A few months back we reported on ‘It’s Going to Be Okay‘, an exhibition of the work of cartoonist Matt Boyce at Beer Rebellion in London’s Gypsy Hill (above) at which attendees got to see not just work from the artist’s existing catalogue but also had the opportunity to look forward at a new creation – Radioactive Future Mutant. The comic’s quietly philosophical observer from a post-apocalyptic future made his print format festival debut at the South London Comic and Zine Fair a few short weeks back.
Boyce’s comics have been featured at BF on a number of occasions in the past and often employ a deliberate childlike visual naivety to powerfully express emotionally resonant subject matter. I looked at his collection Everything here a couple of years back noting that “while much of the work here may seem unassuming to the eye Boyce has a sophisticated understanding of the communicative power of the form” and earlier this year described the print version of It’s Going to Be Okay here as a reminder of “the uniquely empathetic qualities of comics.” I would defy any reader to come away from either comic without feeling profoundly touched by something therein.
While it may only be 14 pages, Radioactive Future Mutant is the longest-form work I’ve read by Boyce, presented in an appealing larger square format that gives his art far more space to inhabit.

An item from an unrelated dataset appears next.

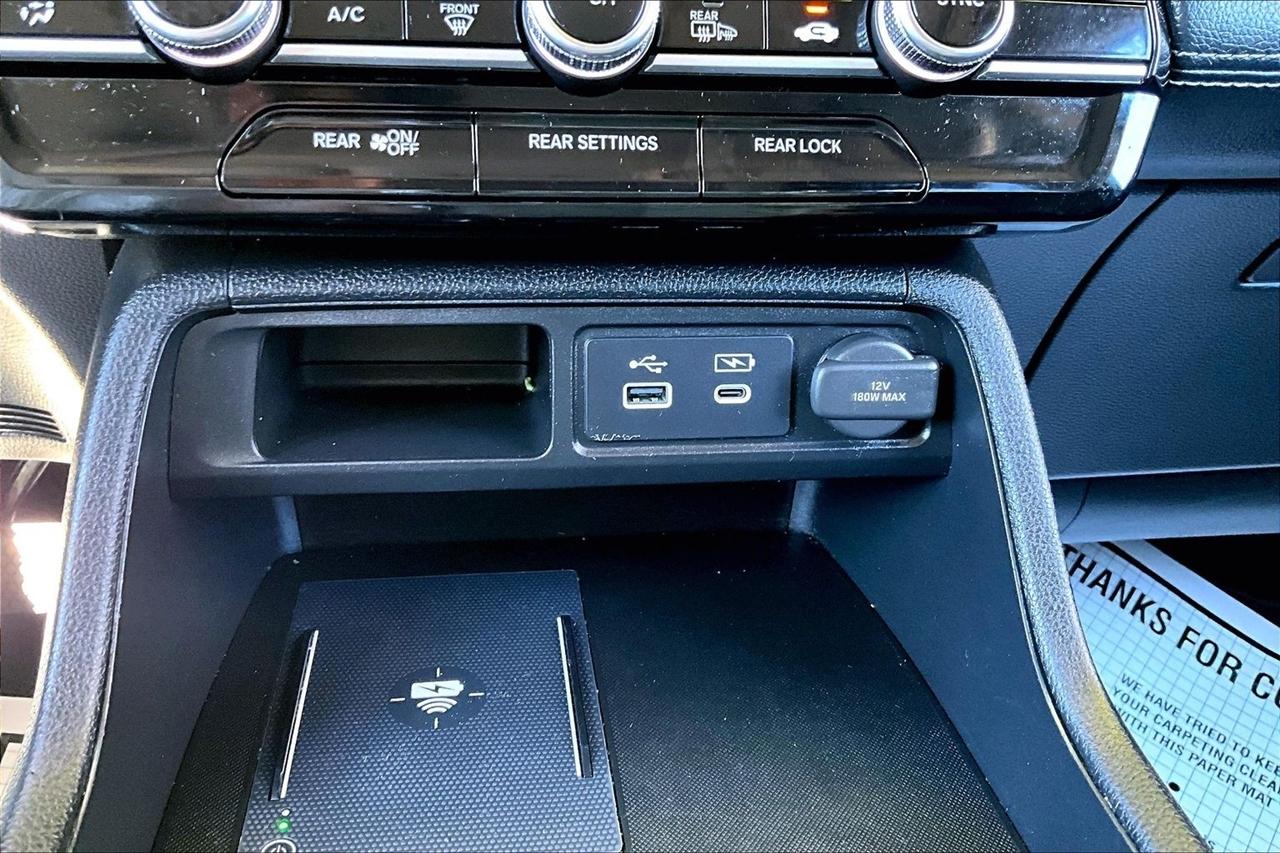 Honda Pilot Touring AWD 2025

This is a world after a terrible catastrophe destroyed most of civilisation, where its inhabitants are all horribly mutated, and where giant monstrous creatures prowl the streets pursued by cyborg bounty hunters. But fret not because there’s still beer – even if it is radioactively tainted – so some small comforts remain…
In this shattered new pseudo-society our titular hero Radioactive Future Mutant spends most of his time reflecting on life in his local pub The Dog and Dosimeter with only the odd melancholic stroll through the devastated landscape to break up the monotony. He and his grotesque entourage spend their days ruminating on existential angst, the futility of being an outsider and the stupidity of humanity; all with a worldweary sense of exasperated resignation.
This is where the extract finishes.